Horror is a tricky genre. Firstly, it’s a head-scratcher trying to figure out what’s likely to scare an audience (and that changes from generation to generation). Secondly, it’s all too easy to fall on the wrong side of the fine line dividing horror and schlock. Whether you’re making a supernatural creep-fest or a blood ‘n guts slasher extravaganza – it’s a gambit that has historically gone horribly wrong more often than it has gone just right. For every The Exorcist, there are ten Friday The 13ths; for every Halloween, there are, well, its half-a-dozen inane sequels. So every new pretender is to be approached with some trepidation and outright suspicion. In recent years, it has been the torture-porn purveyors of the likes of Saw and Hostel that have made the most noise commercially (while it was the low-key The Descent that was far superior). But last year’s Stephen King adap 1408, and, more to the point, this summer’s supremely terrifying The Orphanage, demonstrated that creepy psychological scares work just as well, in fact, far better, than pints of corn syrup blood and latex guts. The latest entrant, The Strangers, unlike these other two, lacks an obvious supernatural element, but for a good part of the running time, at least, manages to scare up a fright or two (lame pun absolutely intended).

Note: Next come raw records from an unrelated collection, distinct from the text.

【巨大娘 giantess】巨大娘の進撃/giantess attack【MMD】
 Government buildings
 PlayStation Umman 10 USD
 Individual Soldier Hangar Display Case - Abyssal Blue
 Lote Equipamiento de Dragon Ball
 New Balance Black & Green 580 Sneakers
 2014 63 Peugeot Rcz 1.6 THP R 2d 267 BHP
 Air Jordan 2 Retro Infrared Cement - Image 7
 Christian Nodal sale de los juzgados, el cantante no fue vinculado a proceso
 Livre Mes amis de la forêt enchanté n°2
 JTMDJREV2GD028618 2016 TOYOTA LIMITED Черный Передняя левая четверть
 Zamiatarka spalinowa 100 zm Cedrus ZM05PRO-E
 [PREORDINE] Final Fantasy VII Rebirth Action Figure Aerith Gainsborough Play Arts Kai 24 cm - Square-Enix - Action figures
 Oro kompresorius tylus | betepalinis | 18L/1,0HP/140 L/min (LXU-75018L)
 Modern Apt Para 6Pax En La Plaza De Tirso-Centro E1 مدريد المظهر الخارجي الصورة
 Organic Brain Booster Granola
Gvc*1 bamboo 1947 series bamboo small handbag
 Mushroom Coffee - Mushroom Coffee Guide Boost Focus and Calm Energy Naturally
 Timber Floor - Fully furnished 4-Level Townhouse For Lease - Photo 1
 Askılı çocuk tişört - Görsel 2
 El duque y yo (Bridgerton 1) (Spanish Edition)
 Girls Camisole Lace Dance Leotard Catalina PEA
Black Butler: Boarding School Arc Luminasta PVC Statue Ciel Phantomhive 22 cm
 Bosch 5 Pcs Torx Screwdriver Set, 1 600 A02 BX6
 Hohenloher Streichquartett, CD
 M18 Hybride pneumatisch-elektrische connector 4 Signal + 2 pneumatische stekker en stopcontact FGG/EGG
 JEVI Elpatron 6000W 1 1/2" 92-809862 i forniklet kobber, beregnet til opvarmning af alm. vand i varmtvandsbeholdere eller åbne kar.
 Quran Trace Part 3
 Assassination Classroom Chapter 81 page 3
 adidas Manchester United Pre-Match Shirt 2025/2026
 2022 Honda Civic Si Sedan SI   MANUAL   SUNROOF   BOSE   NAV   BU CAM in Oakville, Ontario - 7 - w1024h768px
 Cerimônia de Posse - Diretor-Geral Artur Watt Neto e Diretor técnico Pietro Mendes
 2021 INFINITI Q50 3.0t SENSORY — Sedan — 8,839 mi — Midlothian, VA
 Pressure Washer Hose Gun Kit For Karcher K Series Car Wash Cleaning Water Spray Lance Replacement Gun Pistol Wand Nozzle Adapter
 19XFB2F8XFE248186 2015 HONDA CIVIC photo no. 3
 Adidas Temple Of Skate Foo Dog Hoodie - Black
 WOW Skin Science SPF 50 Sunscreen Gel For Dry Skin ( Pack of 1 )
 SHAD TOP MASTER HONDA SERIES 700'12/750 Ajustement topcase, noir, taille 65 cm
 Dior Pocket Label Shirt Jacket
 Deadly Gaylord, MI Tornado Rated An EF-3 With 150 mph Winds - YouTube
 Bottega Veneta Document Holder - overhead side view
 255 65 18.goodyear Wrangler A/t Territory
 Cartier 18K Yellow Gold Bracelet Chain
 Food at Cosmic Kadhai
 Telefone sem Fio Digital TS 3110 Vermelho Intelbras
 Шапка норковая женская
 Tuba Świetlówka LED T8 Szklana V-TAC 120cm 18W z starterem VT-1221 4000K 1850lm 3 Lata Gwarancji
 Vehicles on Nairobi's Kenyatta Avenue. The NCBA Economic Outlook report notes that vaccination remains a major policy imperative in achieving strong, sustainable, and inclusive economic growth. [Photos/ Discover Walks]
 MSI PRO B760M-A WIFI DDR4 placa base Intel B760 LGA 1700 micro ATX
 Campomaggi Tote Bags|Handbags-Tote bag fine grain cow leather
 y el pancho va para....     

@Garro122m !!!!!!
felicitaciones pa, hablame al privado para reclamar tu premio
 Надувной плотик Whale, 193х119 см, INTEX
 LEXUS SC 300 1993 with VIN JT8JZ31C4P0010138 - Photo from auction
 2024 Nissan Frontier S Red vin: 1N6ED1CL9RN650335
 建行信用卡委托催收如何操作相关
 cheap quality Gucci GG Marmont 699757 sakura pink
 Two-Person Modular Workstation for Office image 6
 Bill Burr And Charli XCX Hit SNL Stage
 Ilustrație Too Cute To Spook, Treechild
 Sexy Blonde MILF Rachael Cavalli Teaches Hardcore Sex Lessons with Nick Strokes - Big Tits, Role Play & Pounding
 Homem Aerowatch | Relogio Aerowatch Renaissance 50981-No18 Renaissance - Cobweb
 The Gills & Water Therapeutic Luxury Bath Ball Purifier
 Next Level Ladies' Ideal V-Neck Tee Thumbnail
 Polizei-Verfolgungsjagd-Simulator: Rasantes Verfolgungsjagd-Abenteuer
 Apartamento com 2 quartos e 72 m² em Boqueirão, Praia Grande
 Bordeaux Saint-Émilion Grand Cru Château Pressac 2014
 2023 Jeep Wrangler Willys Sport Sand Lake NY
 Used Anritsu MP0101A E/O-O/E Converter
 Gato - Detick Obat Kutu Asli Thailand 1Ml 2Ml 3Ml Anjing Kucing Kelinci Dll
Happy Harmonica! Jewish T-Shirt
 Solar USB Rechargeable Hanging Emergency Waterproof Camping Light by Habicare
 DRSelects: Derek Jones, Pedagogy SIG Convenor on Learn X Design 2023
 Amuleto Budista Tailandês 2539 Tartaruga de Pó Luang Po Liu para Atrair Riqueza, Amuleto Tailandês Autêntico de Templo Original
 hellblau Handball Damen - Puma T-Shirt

Plot-wise, there isn’t much to it. After a deliberately misleading (and pretty much untrue) claim that what follows is based on true events, we are introduced to our main characters: James (Speedman) and Kristen (luminous Liv Tyler), a couple in love whose relationship is nevertheless in turmoil. Returning to James’ father’s country cabin late at night after a wedding, the two are on the brink of breaking up when their personal problems are railroaded by troubles of another kind. Seemingly out of nowhere, three masked strangers appear and proceed to terrorise the couple. Phones, cars, and arms one by one put out of commission, James and Kristen have no one left to call, nowhere left to go, and nothing left to defend themselves with. And since the fake prologue told us at the very outset that the actual events of the incidents are unknown, it’s safe to say that things don’t look promising for the unfortunate couple.

So why watch it?

Well, because for the most part, it is a well-made film, and also for the stark, claustrophobic ambience that director Bertino conjures up. With a muted, ochre palette and minimal ambient sound (including prescient use of an old fashioned record player that eventually adds to the eeriness), the filmmaker pushes the paranoia card, and for a while it works, and works well. It was also a wise choice to build the tension slowly; instead of diving head-first into hysteria lane, Bertino takes the time to let his audience get a feel for and sympathise with his main leads, as well as their environment. As a result, when the (subtle) psychos of the title come calling, we actually care what happens to the victims, and, more importantly, share in their sheer, naked fear as well.

The film does start to run out of steam about half-way through though, when the action momentarily moves outside, and, in an embarrassingly predictable sequence, the victims themselves off a potential rescuer. Gaping holes in the script also start to irk: the tormentors are not ghosts or ghoulies, so how in the hell are they able to get in and out of spaces so smoothly? It is presumably their first time in this house, so why do they seem to know its ins and outs better than the regular occupants?

But such quibbles aside, there is a lot to recommend The Strangers to aficionados of the spine-chiller, and for followers of the history of violent crime, it has another angle as well.

“Why are you doing this to us?” Kristen tearfully asks her tormentors at one point.

“Because you were home” replies one of them dispassionately.

The initiated should immediately recognize the parallels with the infamous Tate-Labianca murders at the hands of the Manson ‘family’ in 1969. This, and the sympathy with which it treats its two protagonists, gives the film a wholly unexpected poignancy that helps set it apart from other, more exploitative entries in the genre.